Does anyone have any info/updates on this? It was posted on a thread by the bikes direct guy, but the thread has been closed...


colors
matt black
bright blue
dark green

sizes 49, 52, 54, 56, 58, 61

Frame 100% Cr-Mo, Water Bottle Mount
Fork Triple Butted 100% Cr-Mo w/ Fender Mounts
Headset Ritchey 1-1/8" Threadless
Handlebars Alloy Bullhorn
Stem Forged Alloy, 7 Degree
Grips Velo Cushion Wrap Foam
Brake Lever Tektro RX4.1, Alloy, F&R
Brake(s) Tektro 510A Dual Pivot Caliper F&R
Seat Post Micro Adjust Alloy 27.2
Crankset FSA Vero3-pc Alloy, 170mm, Sealed Bearing, 46T Alloy
Chain KMC Z410 Silver
Pedal Wellgo Alloy w/ Cage & Toe Clips
Rim Alex R500, 32H, Double Wall w/ CNC Sidewalls, w/ Stainless 14Ga. Spokes
Front Hub Formula High Flange Alloy, 32H, Sealed Bearing,
Rear Hub Formula High Flange Alloy, 32H, Sealed Bearing 16T FW/Fixed Flip Flop
Tires Kenda K176, 700 X 28c


price will be $299 or $319 depending on exchange rate
no sales tax except in Texas; free shipping in 48 contential states
and delivery is in April

very simple decals
brand DAWES
model - 2009 SST [not bike currently on site]

we ordered a lot
but they will sell out quick
I feel this bike will become the new standard for a super SS/Track deal with brakes
__________________


----------



## FatTireFred (Jan 31, 2005)

lmfao


----------



## DIRT BOY (Aug 22, 2002)

FatTireFred said:


> lmfao


Yeah, that's not a BD emp posting an ad...


----------



## Oaklander (Feb 26, 2008)

What, do you guys just sit around all day waiting for people to write about bikes direct?


----------



## Henry Porter (Jul 25, 2006)

Oaklander said:


> What, do you guys just sit around all day waiting for people to write about bikes direct?

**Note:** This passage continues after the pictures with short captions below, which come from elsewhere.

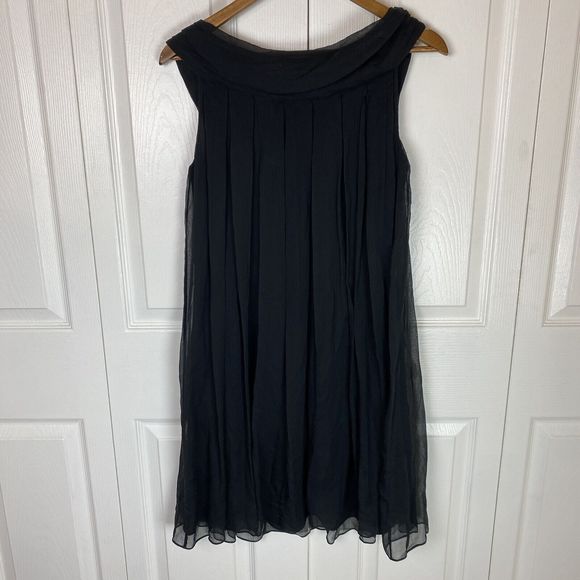 Diane von Furstenberg 4 100% Silk Dress Black Y2K Mini Swing Tulle lace Babydoll - Picture 3 of 4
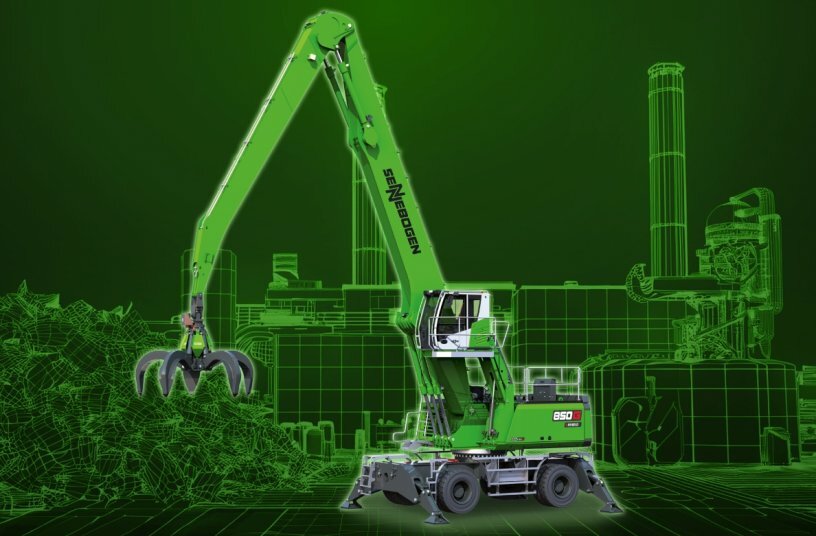 New material handler with hybrid system for demanding scrap recycling: The SENNEBOGEN 850 G Hybrid<br>IMAGE SOURCE: SENNEBOGEN Maschinenfabrik GmbH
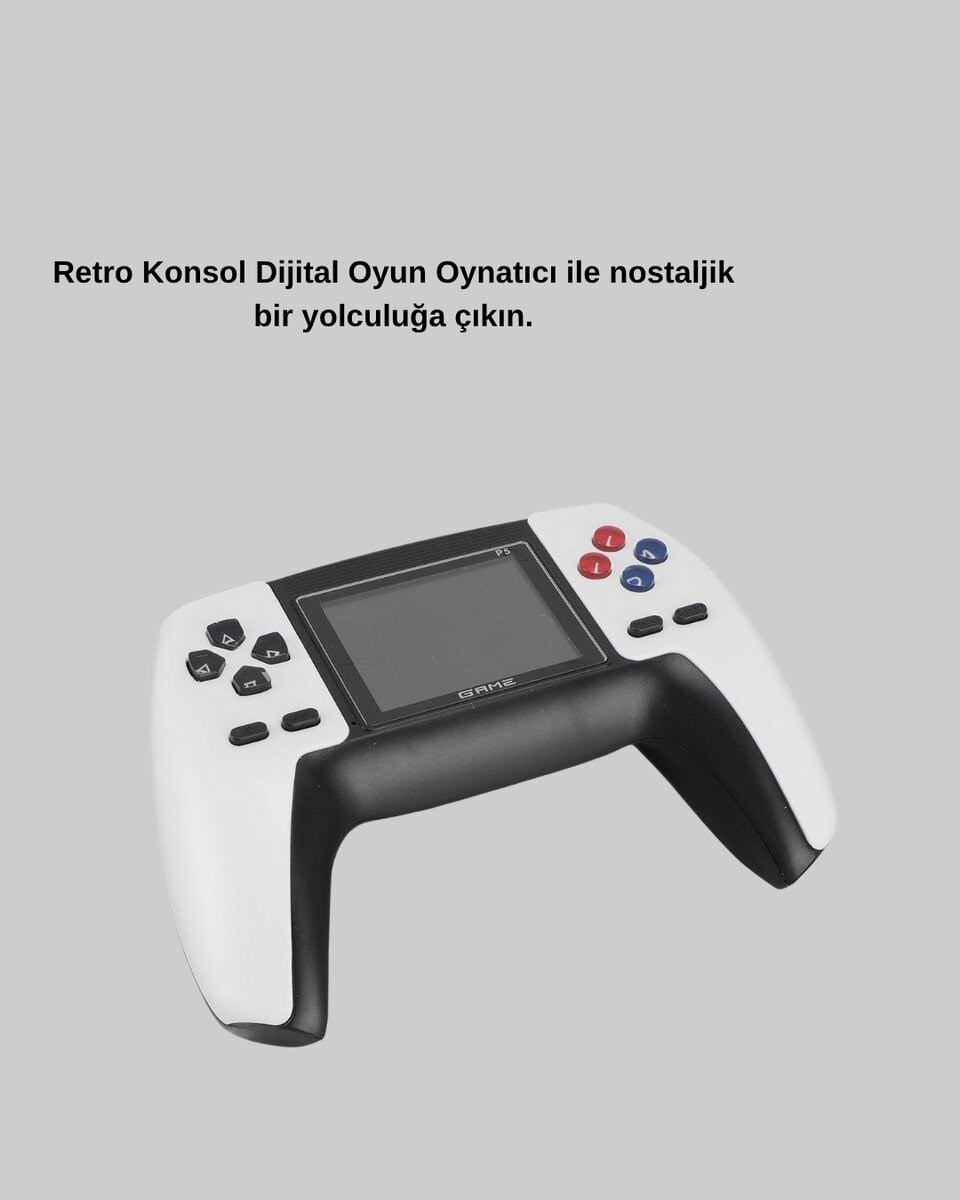 520 Klasik Oyunlu P5™ ControllerView Retro Konsol – Şarjlı,  Ergonomik Tasarım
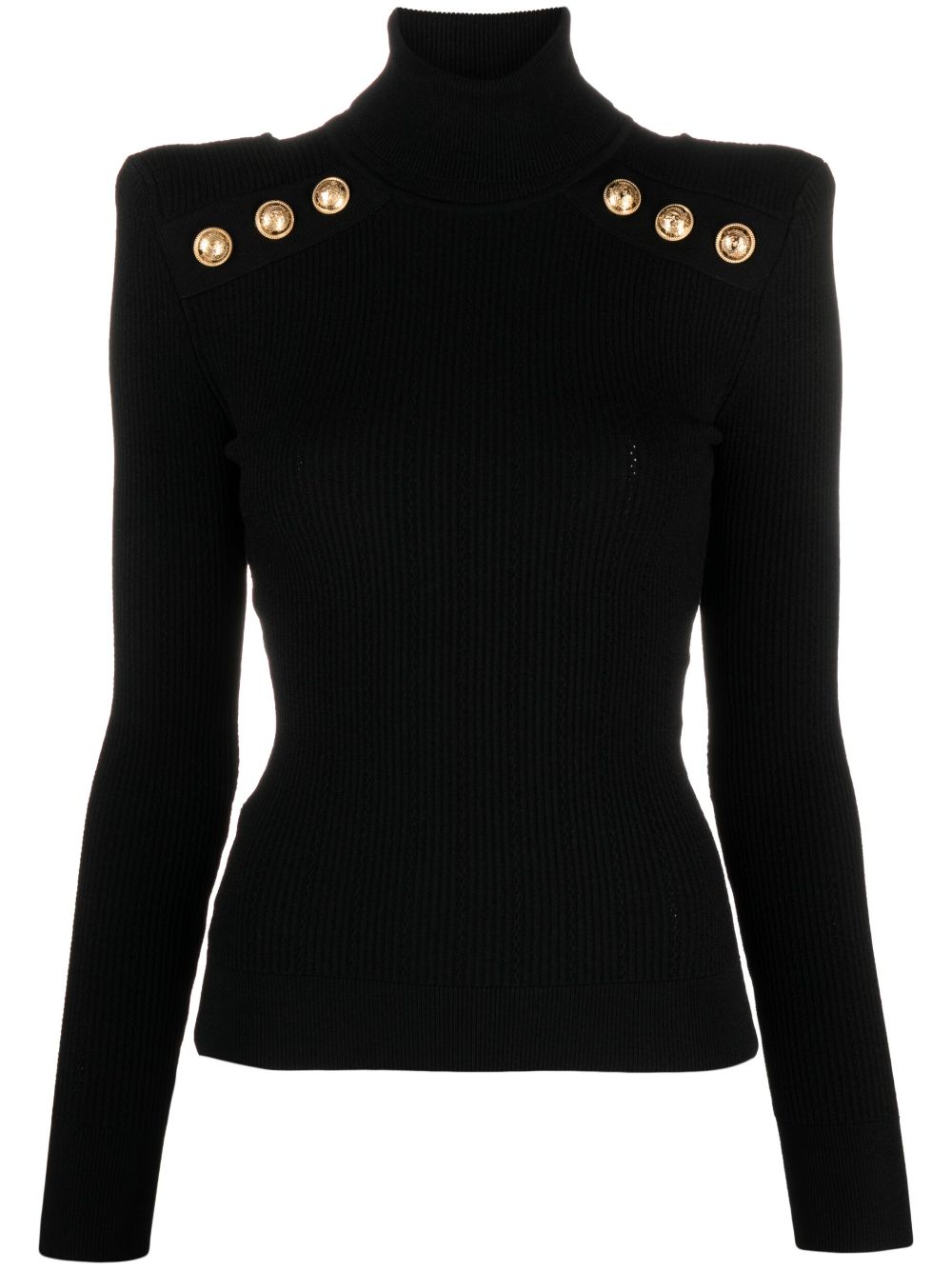 Balmain button-detail high-neck knitted top - Black von Balmain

No, it usually happens often enough that you don't have to wait around too long for it.


----------



## covenant (May 21, 2002)

Spring is coming!


----------



## rogerstg (Aug 1, 2007)

DIRT BOY said:


> Yeah, that's not a BD emp posting an ad...


I think the OP wants to know when they'll be available. What would be the point of a shill bringing it up when it does not exist yet? Besides, when they are available it would be more effective if Mike simply made the announcement.

Pretty funny you getting wanked because the topic of BD comes up in their forum.


----------



## Henry Porter (Jul 25, 2006)

rogerstg said:


> I think the OP wants to know when they'll be available. What would be the point of a shill bringing it up when it does not exist yet? Besides, when they are available it would be more effective if Mike simply made the announcement.
> 
> Pretty funny you getting wanked because the topic of BD comes up in their forum.


Um, exposure?


----------



## Dave Hickey (Jan 27, 2002)

rogerstg said:


> .
> 
> Pretty funny you getting wanked because the topic of BD comes up in their forum.


FYI, This was posted in the fixed/single speed forum and moved to this forum. You'd have no way of knowing that unless you saw the thread over there... sorry


----------



## SSSasky (Apr 8, 2004)




----------



## culdeus (May 5, 2005)

they used to eat the sales tax in texas. I guess times are tough for old BD.


----------